The lawsuit alleged that the District provided compensation to nine employed physicians that exceeded fair market value for the physicians’ services, and instead rewarded the physicians for their referrals of patients to the District. The compensation arrangements were alleged to violate the federal Stark law, which prohibits physician referrals of Medicare and Medicaid services to entities with which the physician has a financial relationship, unless an exception applies. Stark exceptions related to physician compensation and employment arrangements require, in addition to other requirements, that the physician’s compensation is consistent with fair market value and not determined in a manner that takes into account the volume or value of the physician’s referrals. By submitting claims pursuant to referrals that violated the Stark law, the District also submitted claims in violation of the False Claims Act.

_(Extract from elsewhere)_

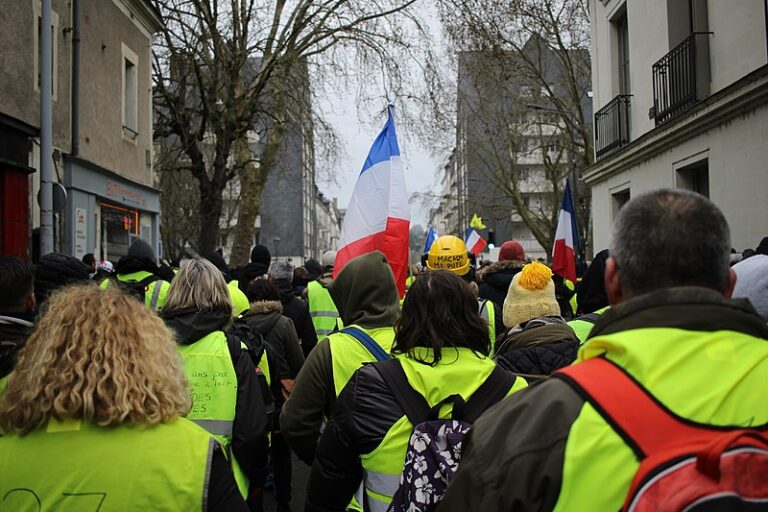 800px-Tours_-_Manifestation_des_Gilets_Jaunes_-_02_février_2019_09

The lawsuit against the District was originally filed by a whistleblower pursuant to the qui tam provisions of the False Claims Act, which allow private individuals to sue on behalf of the government and share in the recovery. The whistleblower in this case brought the lawsuit after the District offered to employ him under terms that he believed may violate the Stark law. The DOJ announced that the whistleblower will receive over $12 million for his role in the case. The DOJ also announced that the recovery marks another achievement for the Health Care Fraud Prevention and Enforcement Action Team (HEAT) initiative, which is a partnership between the U.S. Attorney General and U.S. Secretary of Health and Human Resources that has been instrumental in the government’s recovery of $16 billion from fraud in the federal health care programs since 2009.